[lxc-devel] Potential deadlock with lxcfs and lxc-freeze

Wed Feb 17 15:21:36 UTC 2016

> Fabian Grünbichler <f.gruenbichler at proxmox.com> hat am 12. Februar 2016 um
> 13:53 geschrieben:
> 
> Summary so far: uptime, ps and any other process accessing /proc/uptime within
> a
> container using lxcfs can pretty reliably make the whole container unfreezable
> and cause the uptime-accessing process itself and the associated lxcfs process
> to wait forever. Both states persist until either the container is shutdown or
> the waiting lxcfs process is forcibly killed. The latter will also allow an
> ongoing, hanging freeze to finish.

Finally got to the bottom of this issue. It is somewhat mitigated in recent
lxcfs versions because of the init PID caching mechanism that was recently
introduced, which does not cause a double fork for every read of /proc/uptime
anymore, but only for each time the init's PID is cached (again).

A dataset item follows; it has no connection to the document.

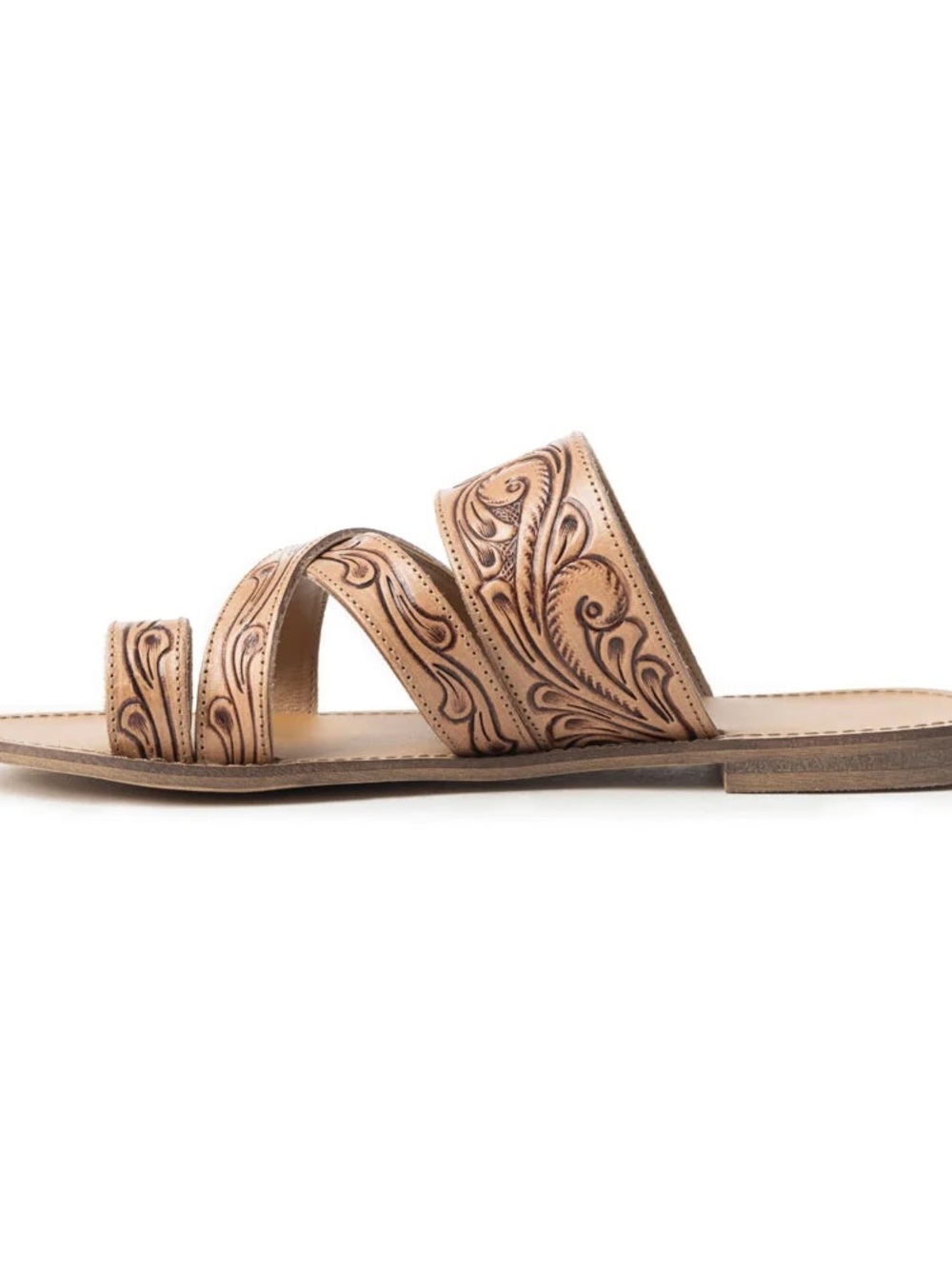 Tan Genuine Tooled Leather Slide Sandals - Picture 3 of 8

The root cause is described in a glibc bug from 2013[1], which also describes
the only possible workaround for this at the moment: if using setns() to change
PID namespace (which only applies to the callers children), the parent must not
use fork(), but create the child via clone(). Otherwise, the forked child and
the parent might have identical PIDs which fails an assertion in glibc's fork.c
(the colliding PIDs are in different namespaces, but glibc does not care about
PID namespaces in this code path). Using clone() avoids the issue because there
is no such assertion in the clone code path ;)

Limiting the range of free PIDs on the host and in the container so that both
share the same small range might still trigger the fork assertion in current
lxcfs (and thus the freeze bug, if lxc-freeze is called in parallel), although I
haven't tried this so far.

There are three occurrences of this (anti-)pattern ("fork() - setns() - fork()")
in the current lxcfs code base, which should probably be patched:
- write_task_init_pid_exit(), which was the culprit in the described uptime bug
- pid_to_ns_wrapper() and pid_from_ns_wrapper(), which are used for reading and
writing the tasks and cgroup.procs files.

I'd be willing to write the patches, if desired.

Sidenote: freezing a container while running "cat
/sys/fs/cgroup/freezer/lxc/108/tasks
/sys/fs/cgroup/freezer/lxc/108/cgroup.procs" sometimes causes error messages in
the container: "cat: /sys/fs/cgroup/freezer/lxc/108/cgroup.procs: Interrupted
system call" and less frequently, error messages in lxcfs' journal output: "Feb
17 16:11:54 host lxcfs[15643]: send_creds: Error getting reply from server over
socketpair". Whenever the error message in the journal appears, the lxc-freeze
process which is running at the same time hangs for a second or two (my guess is
that lxc-freeze and send_creds are racy). So far, I could not trigger indefinite
hangs of lxc-freeze or the container, like with the old uptime code.

Regards,
Fabian

1: https://sourceware.org/bugzilla/show_bug.cgi?id=15392